Benar juga, setelah kami menuju ke mobil, ternyata Gungde yang menggunakan motor merah helm merah dan jaket kuning sudan nunggu di depan hotel.
“Maaf mas Gungde, tadi kami masih siapkan peralatan yang akan kami gunakan”
“Tenang saja bos, kita berangkat sekarang aja, biar kalian bisa observasi dan tau jalan ke sana tanpa saya antar”
“Ikuti motor saya dari belakang saja” kata Gungde yang kemudian menjalankan motornya perlahan lahan.
Aku deg deg an juga, seolah-olah sedang menghadapi sebuah masalah yang besar, begitu juga Sumadi yang dari tadi tidak ada omongan, kami hanya diam di dalam mobil sambil memperhatikan Gungde yang menjalankan motornya di depan kami.
Lumayan jauh juga tempat tujuan kami, kayaknya ada di pinggiran kota.
Tetapi selama perjalanan kami sangat menikmati pemandangan yang disuguhkan daerah ini, rumah penduduk yang khas dengan tempat persembahyangannya, pokoknya jarak jauh pun aku tidak akan capek kalau keadaan seperti ini.
Aku mungkin kalau disuruh mengingat jalan pasti lupa tapi untungnya si Sumadi selalu menulis jalan apa yang kita lalui, termasuk belokan kiri dan kanannya, Juga jarak kilometernya tiap jalan yang kita lalui.
Jadi nanti di hotel Sumadi akan bikin sebuah map sederhana, termasuk beberapa hal dan tempat-tempat penting yang mungkin bisa kami datangi.
Setelah satu jam perjalanan dengan kondisi macetnya di kota Dps, akhirnya kami sampai di sebuah pom bensin yang letaknya agak di luar kota.
Gunde menyuruh kami untuk memarkir mobil di dalam area pom bensin, tetapi sebelumnya sepertinya dia sudah bicara dengan petugas dan manager pom bensin itu.
“Mari pak Paino dan pak Sumadi, ikuti saya…. Oh iya mobil kalian taruh disini saja, pom bensin ini milik saudara jauh saya, jadi selama kalian berdua sedang melakukan aksi, parkir mobil disini saja, tapi jangan sampai menghambat aktivitas kerja pom bensin ini” kata Gunde
“Baiklah mas Gungde. Eh tapi dimana letak tempat yang akan kami datangi”
“Tidak jauh dari sini, ayo ikuti saya saja” kemudian orang yang kami panggil Gungde itu mengajak kami menyeberang jalan.

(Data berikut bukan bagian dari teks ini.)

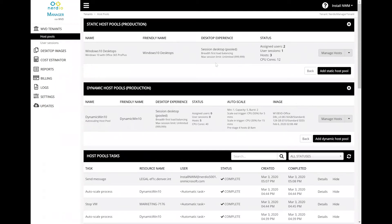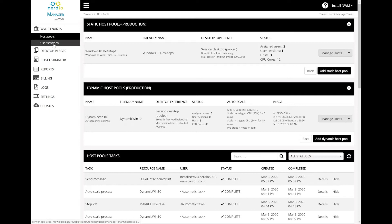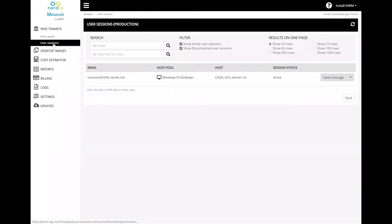Active and disconnected user sessions can be managed under the user session screen inside of a WVD tenant. On this screen, you will see all the currently active or disconnected user sessions across all of the host pools in a particular WVD tenant.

Kami menyeberang jalan dan menuju ke seberang pom bensin yang berupa sebuah lokasi dengan beberapa pohon kepuh yang berukuran besar, ada juga pohon beringin yang terlihat tua karena sulur sulurnya sangat banyak dan panjang.
Lokasi yang kami tuju itu kayaknya sebuah kuburan atau bahasa di sana disebut dengan Setra, kuburan disini berbeda dengan di tempat kami berasal, sangat berbeda dalam artian nyata sesuai penglihatan mata kami dan mungkin juga dengan cara tak kasat mata.

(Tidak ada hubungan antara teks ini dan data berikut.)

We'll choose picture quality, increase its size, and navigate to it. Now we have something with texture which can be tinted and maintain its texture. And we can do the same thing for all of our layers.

Selain adanya pohon kepuh raksasa dan pohon beringin, di sekitar kuburan itu banyak semak belukarnya.. Aku nggak tau kenapa kok semak belukar itu tidak dibersihkan saja.

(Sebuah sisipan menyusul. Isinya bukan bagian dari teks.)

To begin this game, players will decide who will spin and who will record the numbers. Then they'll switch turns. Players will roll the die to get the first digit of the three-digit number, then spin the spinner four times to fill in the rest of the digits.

Hanya ada beberapa nisan yang dibuat seadanya dari kayu, tidak seperti di tempat kami yang namanya kuburan itu pasti penuh dengan nisan yang berjajar jajar.
Di sekitar tengah setra yang luas ini juga seperti bekas abu pembakaran, mungkin itu adalah bekas abu dari aktivitas ngaben atau pembakaran mayat.
Di ujung ada sebuah tempat semacam pura… mungkin itu yang disebut dengan pura dalem… sebelum kesini aku sempat membaca tentang setra atau kuburan, dan adanya pura dalem di setiap setra.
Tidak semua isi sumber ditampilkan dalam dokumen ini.